10. Reality is not a wishing well. It isn’t a storehouse of goods to meet our needs. It isn’t something to be dissected or peeled like an onion. Reality includes people, nature, the universe, and all we can and cannot see and feel. But, to our minds, reality is only a list of things (though a daily growing list), a mere enumeration, until we bring our fear, anxiety, and awareness to it. At that point, it becomes something else—both potent and difficult to fathom. What is mundane is now suddenly awe-inspiring through our awareness.
As awareness, we both arbitrate and are arbitrated.
No amount of false humility can erase our role in reality.
Equally, no amount of pride can hide our insignificance.
11. In the end, our understanding is more psychological than philosophical. We have no access to the larger meanings of existence. In other words, we cannot confidently say what our purposes are. We can only access our feelings on the subject.
I am not even sure who or what I am. Even in the bright light of consciousness, it eludes me. Maybe there is nothing to know. The notion of being an independent entity is an illusion; our sense of self, which we so treasure, is but debris scattered in the light of consciousness. Maybe I am only a habit of perception.

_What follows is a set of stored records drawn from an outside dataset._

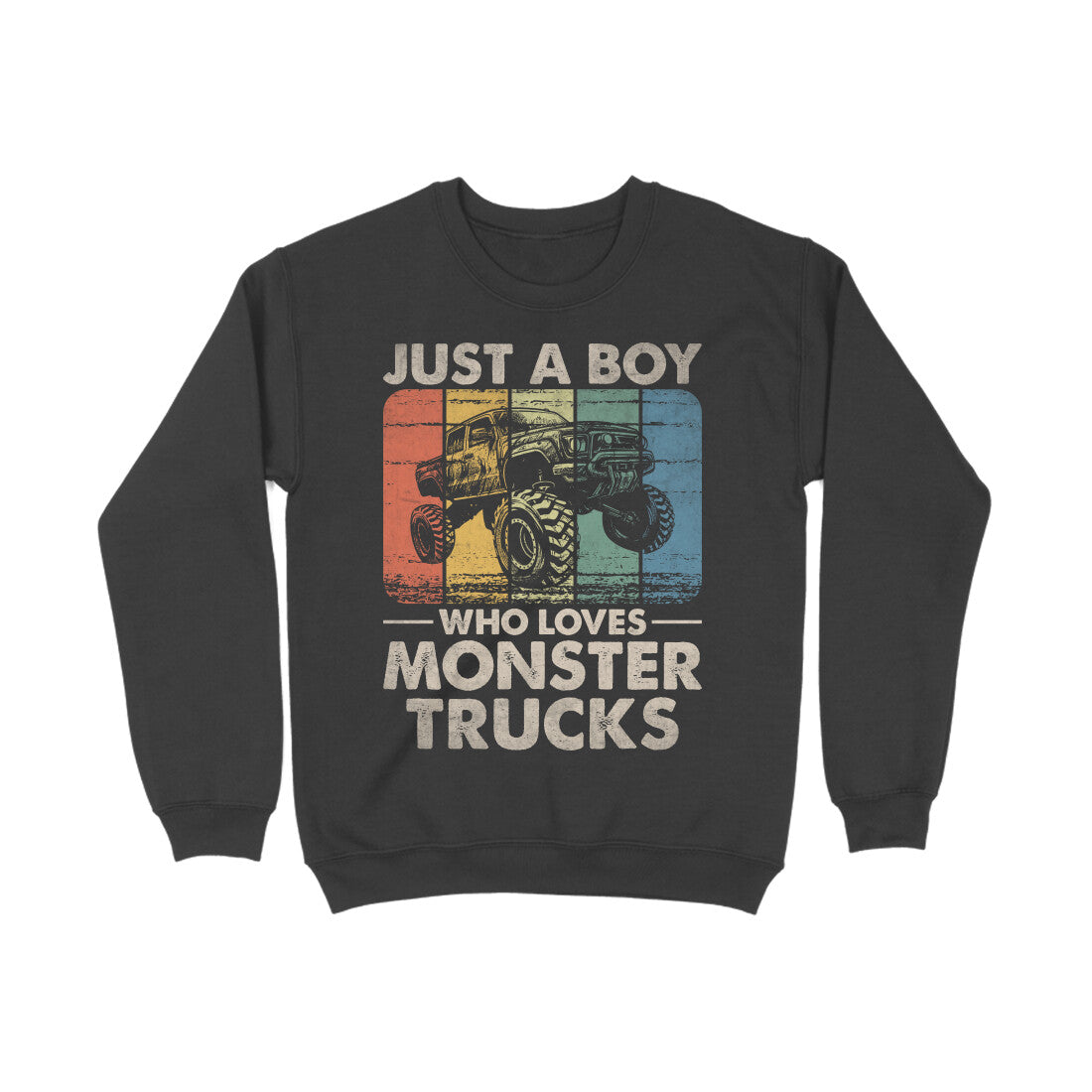 Boy Who Loves Monster Trucks Sweatshirt Black Printrove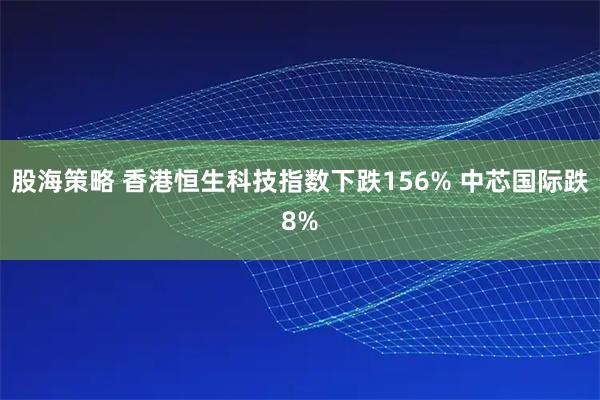 股海策略 香港恒生科技指数下跌156% 中芯国际跌8%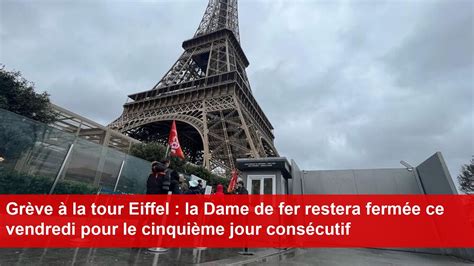 Grève à la tour Eiffel la Dame de fer restera fermée ce vendredi pour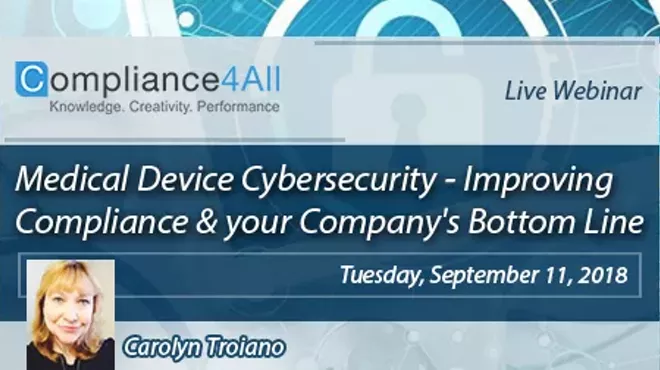 Image: Improving Compliance and your Company's Bottom Line (MedicalDevice Cybersecurity)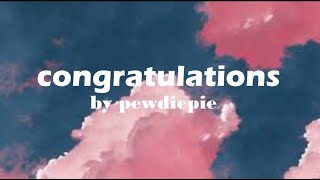 Congratulations Lyrics  PewDiePie [upl. by Brunhilde]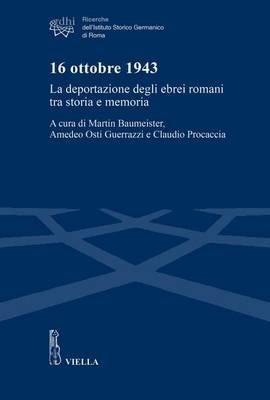 16 ottobre 1943. La deportazione degli ebrei romani tra storia e memoria - copertina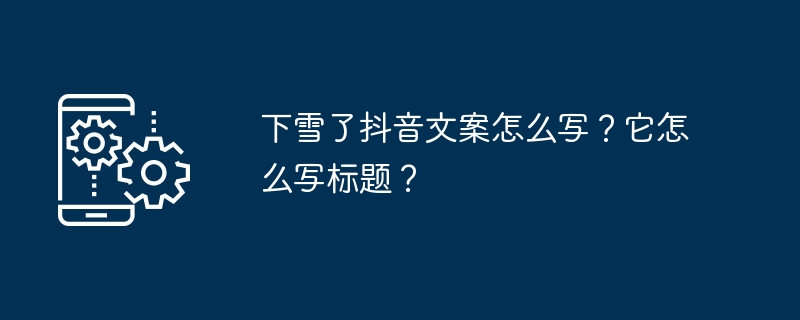 下雪了抖音文案怎么写？它怎么写标题？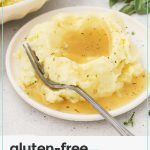 gluten-free turkey gravy over mashed potatoes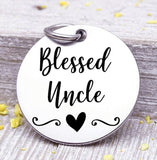 Blessed Uncle, uncle, favorite uncle, uncle charm, Steel charm 20mm very high quality..Perfect for DIY projects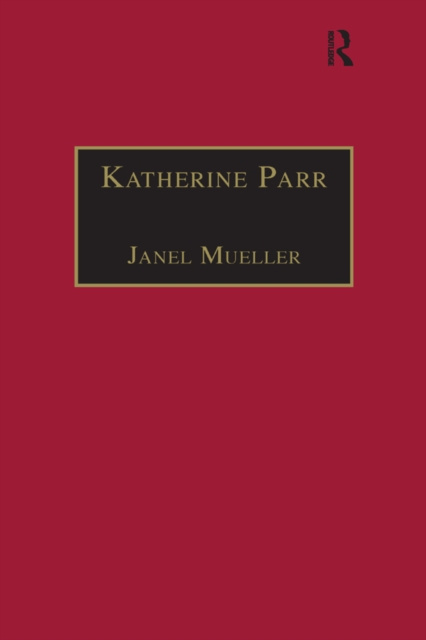 E-Book Katherine Parr Janel Mueller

I don’t want to go any further in my speculation.
I am wary of those who go about mapping everything in sight and believe that they can get to the promised land with enough diligence or by following a detailed rendering of some map.
One cannot, of course, when we are so finite and small and caught up in a reality that runs away from us. And the more we hope to frame it in words, the more we know it is beyond capture.
12. When I gaze within, I am still. Being still, I am unobstructed. Consciousness can only be reliably found inwardly. It is as if all the difficulties in life have the cumulative effect of turning our gaze inward.
When I collapse in sleep, sickness, or, one day, death, all that I think I am, my notion of duty and obligation, my sense of who I am, or my purposes or missions come to a halt. Not only have I withdrawn all my tentacles and feelers, but I have, in fact, neither tentacles nor feelers.
When I simply breathe, does what is all around me, its concrete appearance, and my experience of it wilt a little and become more penetrable?
13. Indian philosopher Ramana Maharshi said (from The Spiritual Teaching of Ramana Maharshi), “There is no happiness in any object of the world. We imagine through our ignorance that we derive happiness from objects. When the mind goes out, it experiences misery.”
14. In sickness, one becomes acutely aware that no hard boundaries exist. One may even suspect that the substance that purportedly makes up those boundaries is not as it appears.
I once wrote elsewhere that a sick person can come across as strange. Unlike someone healthy, her wants will have transmuted. They still take the forms of ordinary desires, but they have subtly changed. Their constituent parts may still fit together well, but there is now a slight discordance. The heart isn’t a heart anymore but a slow-moving fire. The bright lights are no longer as welcoming and are, in fact, showing all the flaws. They are too bright. Even one’s loved ones have altered. They are no longer individuals but classes of concern.
Her senses, moreover, seem to have less regard for borders or demarcations. She may even be able to transgress those at will. For a sick person, this is necessary. Unlike others, she is running out of time, and there is a pressing need to feel more, hear more, and do so with greater understanding.
15. Life viewed within life is full of lurches and insults. When viewed from deep in consciousness, does life become serene, even radiant?